ABOUT THIS EXERCISE. Every line below needs to be printed again exactly, without any of its pictures.

DATA BELOW.
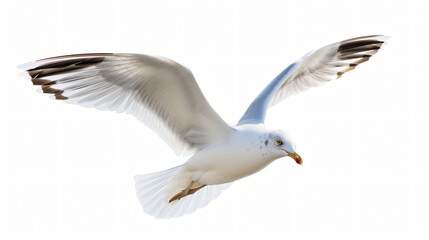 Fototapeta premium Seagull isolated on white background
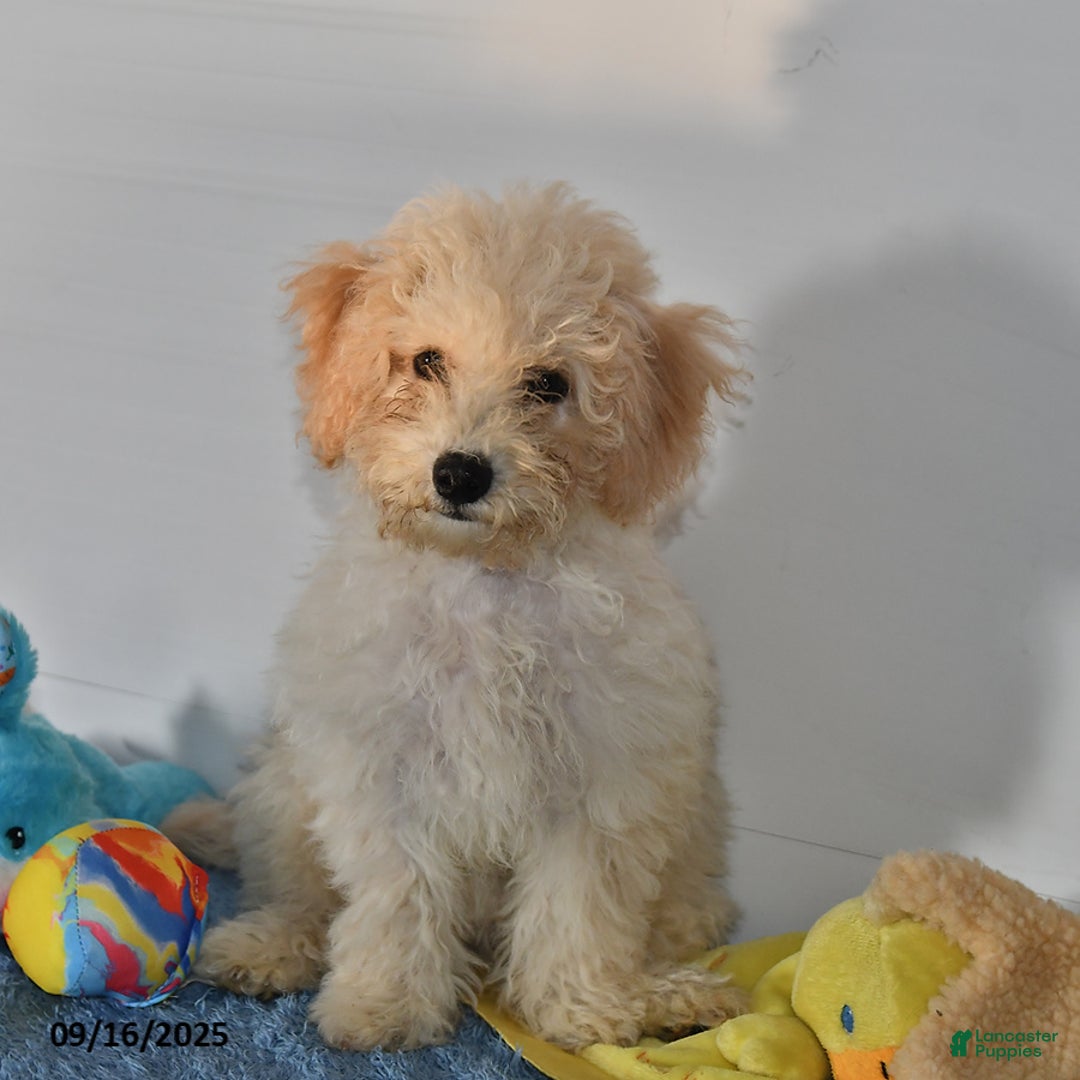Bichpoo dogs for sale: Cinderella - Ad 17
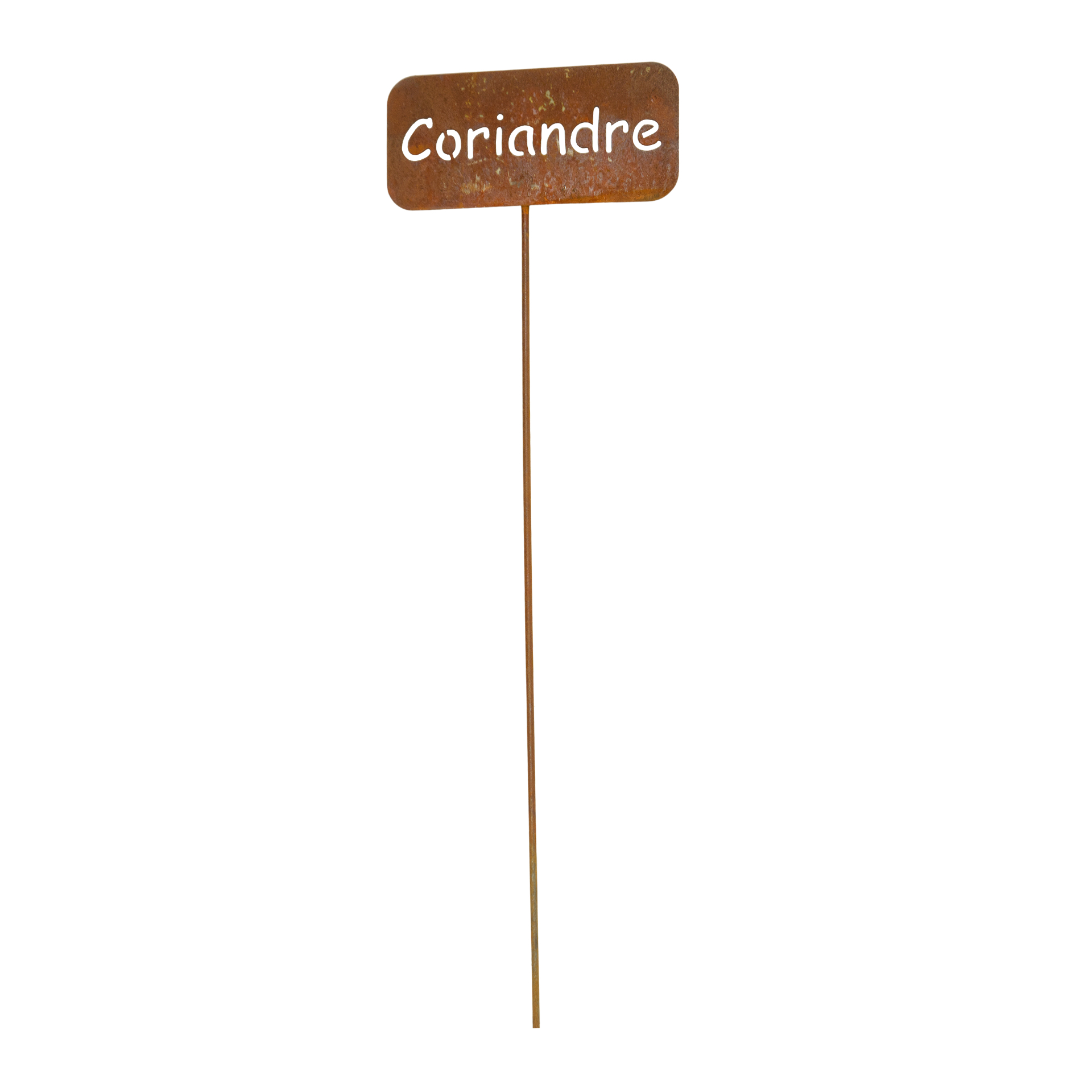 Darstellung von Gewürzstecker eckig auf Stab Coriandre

RESPONSE AREA.
 Fototapeta premium Seagull isolated on white background
Bichpoo dogs for sale: Cinderella - Ad 17
 Darstellung von Gewürzstecker eckig auf Stab Coriandre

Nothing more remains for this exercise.